Task prompt:
Pull each line with the string "Pink" from the entries.

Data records
<<<<
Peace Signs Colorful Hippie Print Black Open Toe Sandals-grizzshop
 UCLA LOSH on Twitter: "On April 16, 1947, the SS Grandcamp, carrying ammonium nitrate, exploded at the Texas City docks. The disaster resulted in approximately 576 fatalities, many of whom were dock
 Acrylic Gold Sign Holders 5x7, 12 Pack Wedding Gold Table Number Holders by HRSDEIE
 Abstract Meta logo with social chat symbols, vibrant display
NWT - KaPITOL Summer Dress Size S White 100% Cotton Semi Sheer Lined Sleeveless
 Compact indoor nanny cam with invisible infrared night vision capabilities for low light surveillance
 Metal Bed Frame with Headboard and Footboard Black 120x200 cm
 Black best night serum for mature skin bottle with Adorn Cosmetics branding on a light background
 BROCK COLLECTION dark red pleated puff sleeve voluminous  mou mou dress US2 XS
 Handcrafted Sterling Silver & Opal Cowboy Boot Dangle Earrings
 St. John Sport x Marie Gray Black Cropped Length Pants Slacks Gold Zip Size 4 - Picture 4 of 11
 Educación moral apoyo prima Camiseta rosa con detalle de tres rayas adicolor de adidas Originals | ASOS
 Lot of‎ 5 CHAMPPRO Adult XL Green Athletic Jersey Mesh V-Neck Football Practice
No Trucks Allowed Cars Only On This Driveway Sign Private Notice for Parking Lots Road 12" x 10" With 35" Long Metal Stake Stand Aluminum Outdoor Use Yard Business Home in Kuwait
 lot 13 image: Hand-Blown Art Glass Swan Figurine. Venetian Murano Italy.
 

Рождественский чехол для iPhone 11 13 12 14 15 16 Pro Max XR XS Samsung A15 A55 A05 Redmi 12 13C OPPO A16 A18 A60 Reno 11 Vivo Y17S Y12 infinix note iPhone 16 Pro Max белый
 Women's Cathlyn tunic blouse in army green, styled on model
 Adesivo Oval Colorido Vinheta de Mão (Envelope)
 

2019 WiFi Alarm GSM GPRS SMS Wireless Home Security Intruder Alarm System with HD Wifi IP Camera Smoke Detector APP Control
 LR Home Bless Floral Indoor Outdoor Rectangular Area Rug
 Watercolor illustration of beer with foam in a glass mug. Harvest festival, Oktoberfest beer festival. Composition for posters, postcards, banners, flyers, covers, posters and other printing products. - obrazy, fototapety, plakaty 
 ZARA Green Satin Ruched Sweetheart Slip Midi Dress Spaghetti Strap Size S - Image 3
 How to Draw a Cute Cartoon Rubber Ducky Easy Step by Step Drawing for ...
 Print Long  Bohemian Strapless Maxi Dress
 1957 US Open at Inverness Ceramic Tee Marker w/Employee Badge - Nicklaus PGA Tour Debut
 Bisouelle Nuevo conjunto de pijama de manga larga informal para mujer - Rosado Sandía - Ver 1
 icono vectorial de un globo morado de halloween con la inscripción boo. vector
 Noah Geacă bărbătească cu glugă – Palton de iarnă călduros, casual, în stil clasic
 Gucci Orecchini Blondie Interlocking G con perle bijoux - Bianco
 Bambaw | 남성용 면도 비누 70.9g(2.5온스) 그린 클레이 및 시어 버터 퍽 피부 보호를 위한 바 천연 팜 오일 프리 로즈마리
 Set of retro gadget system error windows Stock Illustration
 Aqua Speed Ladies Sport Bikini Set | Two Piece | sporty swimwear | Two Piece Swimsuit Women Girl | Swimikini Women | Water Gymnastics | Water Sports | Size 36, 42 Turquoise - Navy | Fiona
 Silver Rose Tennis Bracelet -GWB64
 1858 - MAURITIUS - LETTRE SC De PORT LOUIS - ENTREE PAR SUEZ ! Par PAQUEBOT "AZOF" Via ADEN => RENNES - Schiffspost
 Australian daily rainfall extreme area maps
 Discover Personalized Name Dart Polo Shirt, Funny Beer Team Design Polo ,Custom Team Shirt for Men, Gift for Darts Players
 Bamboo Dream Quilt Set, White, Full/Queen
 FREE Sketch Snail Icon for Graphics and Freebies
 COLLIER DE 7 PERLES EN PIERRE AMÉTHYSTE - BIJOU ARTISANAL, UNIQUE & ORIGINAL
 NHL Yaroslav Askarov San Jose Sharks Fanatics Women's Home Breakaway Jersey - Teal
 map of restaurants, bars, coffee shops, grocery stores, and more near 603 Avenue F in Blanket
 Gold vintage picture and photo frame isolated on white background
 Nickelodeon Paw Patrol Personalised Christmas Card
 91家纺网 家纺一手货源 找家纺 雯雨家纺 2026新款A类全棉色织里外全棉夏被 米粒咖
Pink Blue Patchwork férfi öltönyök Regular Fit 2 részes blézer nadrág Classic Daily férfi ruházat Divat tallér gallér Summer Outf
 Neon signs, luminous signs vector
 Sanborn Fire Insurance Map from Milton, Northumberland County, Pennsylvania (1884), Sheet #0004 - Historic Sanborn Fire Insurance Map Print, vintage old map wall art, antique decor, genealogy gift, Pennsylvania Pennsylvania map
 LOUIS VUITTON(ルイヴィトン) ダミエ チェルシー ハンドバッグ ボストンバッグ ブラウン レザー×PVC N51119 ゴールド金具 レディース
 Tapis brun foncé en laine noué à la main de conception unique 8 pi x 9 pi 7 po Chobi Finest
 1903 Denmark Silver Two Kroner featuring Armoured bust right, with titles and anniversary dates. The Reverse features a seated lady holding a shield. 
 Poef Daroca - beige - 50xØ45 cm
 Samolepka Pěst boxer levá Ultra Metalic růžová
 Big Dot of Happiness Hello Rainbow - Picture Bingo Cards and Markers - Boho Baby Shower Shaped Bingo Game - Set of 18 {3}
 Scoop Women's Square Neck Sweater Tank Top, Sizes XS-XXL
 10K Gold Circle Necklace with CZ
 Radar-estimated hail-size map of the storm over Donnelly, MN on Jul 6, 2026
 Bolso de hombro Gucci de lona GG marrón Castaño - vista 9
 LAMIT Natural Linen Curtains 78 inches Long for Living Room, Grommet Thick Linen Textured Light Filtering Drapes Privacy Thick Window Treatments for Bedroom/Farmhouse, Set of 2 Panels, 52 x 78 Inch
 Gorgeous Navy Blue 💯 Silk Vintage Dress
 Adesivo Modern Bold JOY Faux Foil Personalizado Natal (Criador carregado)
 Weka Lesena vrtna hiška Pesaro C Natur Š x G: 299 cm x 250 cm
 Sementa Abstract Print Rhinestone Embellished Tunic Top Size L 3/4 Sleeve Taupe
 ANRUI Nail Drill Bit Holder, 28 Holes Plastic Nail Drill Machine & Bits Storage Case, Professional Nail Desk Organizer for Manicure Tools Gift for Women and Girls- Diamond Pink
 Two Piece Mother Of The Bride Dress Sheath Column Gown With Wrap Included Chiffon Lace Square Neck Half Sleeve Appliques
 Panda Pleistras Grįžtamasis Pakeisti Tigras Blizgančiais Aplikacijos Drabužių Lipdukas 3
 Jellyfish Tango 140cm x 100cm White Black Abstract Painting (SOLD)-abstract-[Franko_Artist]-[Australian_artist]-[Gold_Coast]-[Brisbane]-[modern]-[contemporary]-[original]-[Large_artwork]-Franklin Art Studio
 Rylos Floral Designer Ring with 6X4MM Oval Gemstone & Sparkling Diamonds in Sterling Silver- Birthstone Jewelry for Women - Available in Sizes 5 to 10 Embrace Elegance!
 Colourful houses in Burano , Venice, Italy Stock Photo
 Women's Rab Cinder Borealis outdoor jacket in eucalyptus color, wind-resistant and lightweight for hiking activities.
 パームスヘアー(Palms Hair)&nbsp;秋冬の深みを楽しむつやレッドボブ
>>>>
Answer box:
Pink Blue Patchwork férfi öltönyök Regular Fit 2 részes blézer nadrág Classic Daily férfi ruházat Divat tallér gallér Summer Outf
 ANRUI Nail Drill Bit Holder, 28 Holes Plastic Nail Drill Machine & Bits Storage Case, Professional Nail Desk Organizer for Manicure Tools Gift for Women and Girls- Diamond Pink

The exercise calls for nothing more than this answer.